┌──
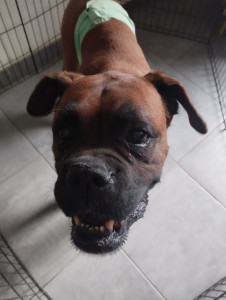 Photo de galerie - Garde chien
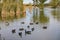 Many Canada Goose swimming in the Floyd Lamb Park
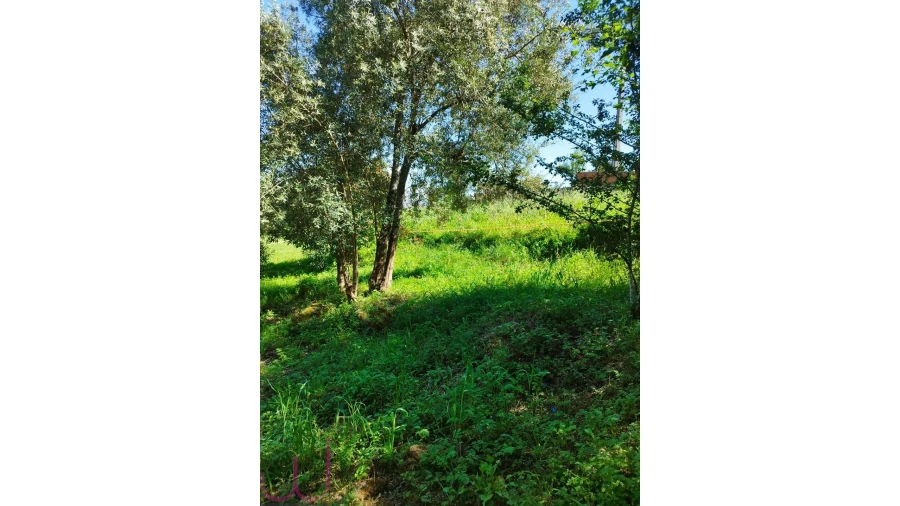 Terreno para Venda em Santa Clara e Castelo Viegas Foto 14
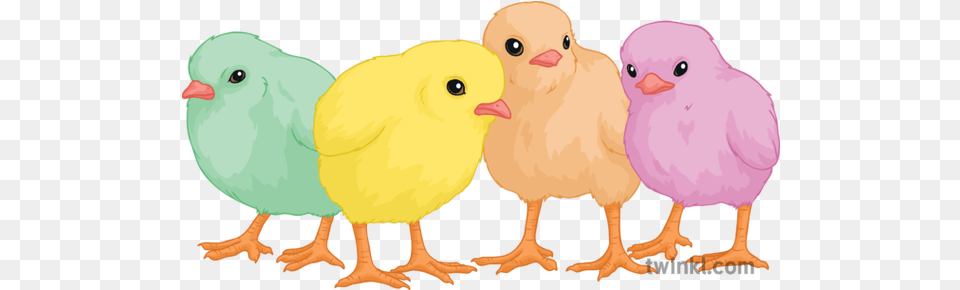 Easter Chicks Baby Animal Birds Cute Animal Figure, Bird, Chicken, Fowl, Hen Png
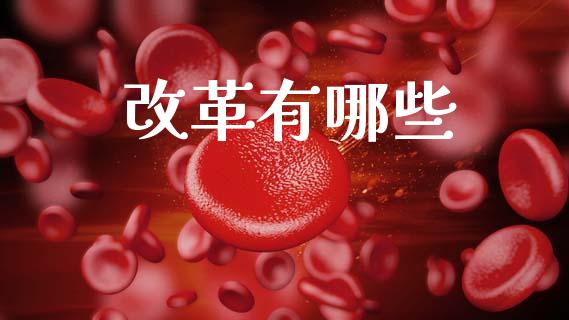 改革有哪些_https://m.ycdhulan.com_财经要闻_第1张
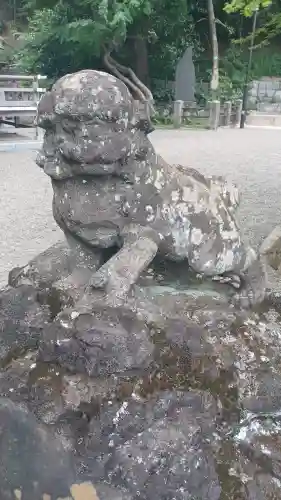 貫井神社の狛犬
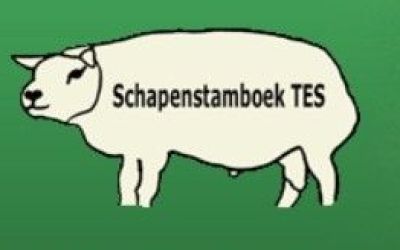 TES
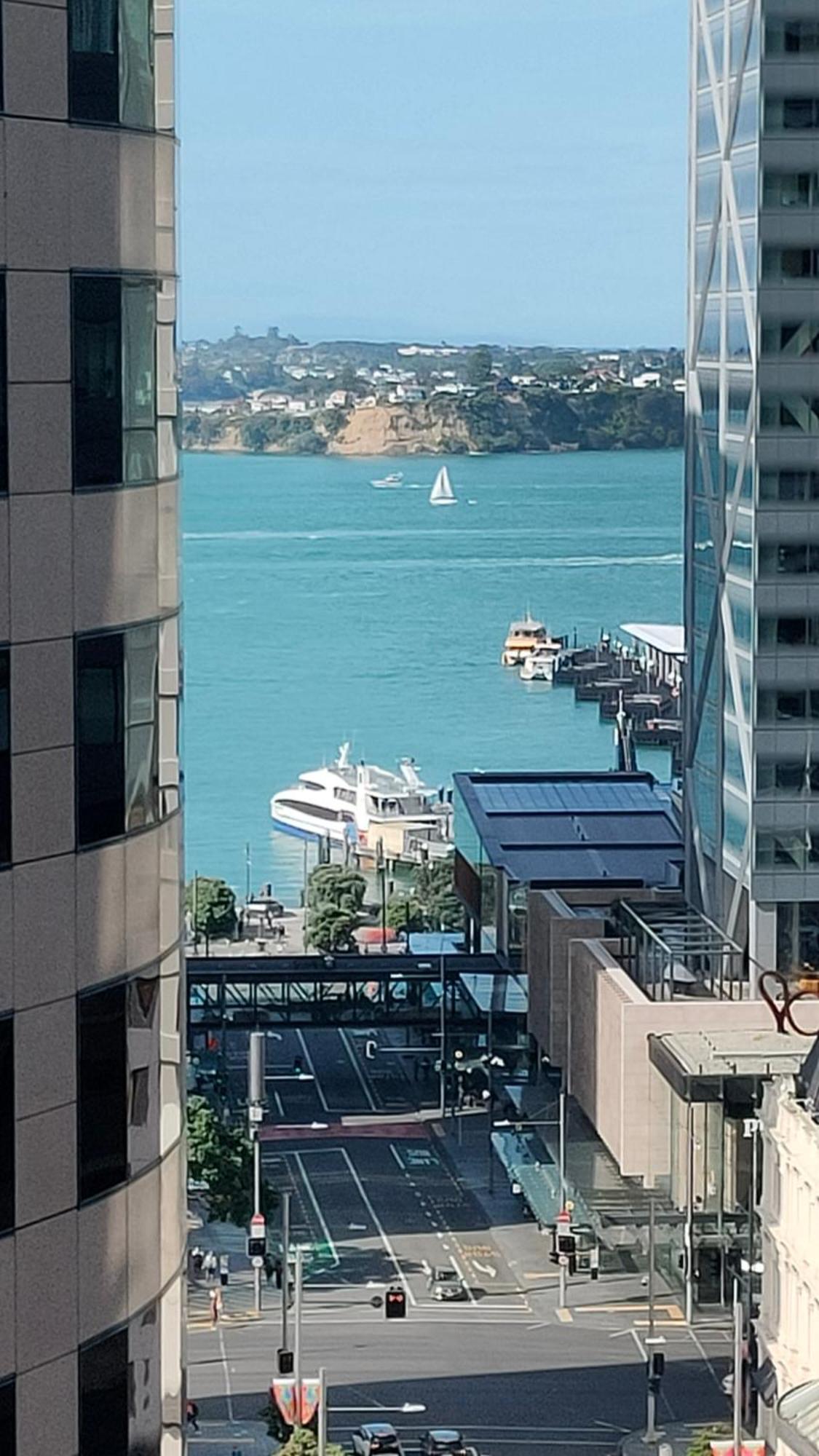 20 Pct Off Sky Stars Park Apartment Auckland Pokoj fotografie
└──
* **Problem to work on**
With the pictures excluded, the line containing "改革有哪些_https://m.ycdhulan.com_财经要闻_第1张" and every line after it through the end of the data above are to be transcribed exactly, and nothing more.

* **Response**
 改革有哪些_https://m.ycdhulan.com_财经要闻_第1张
 貫井神社の狛犬
 TES
 20 Pct Off Sky Stars Park Apartment Auckland Pokoj fotografie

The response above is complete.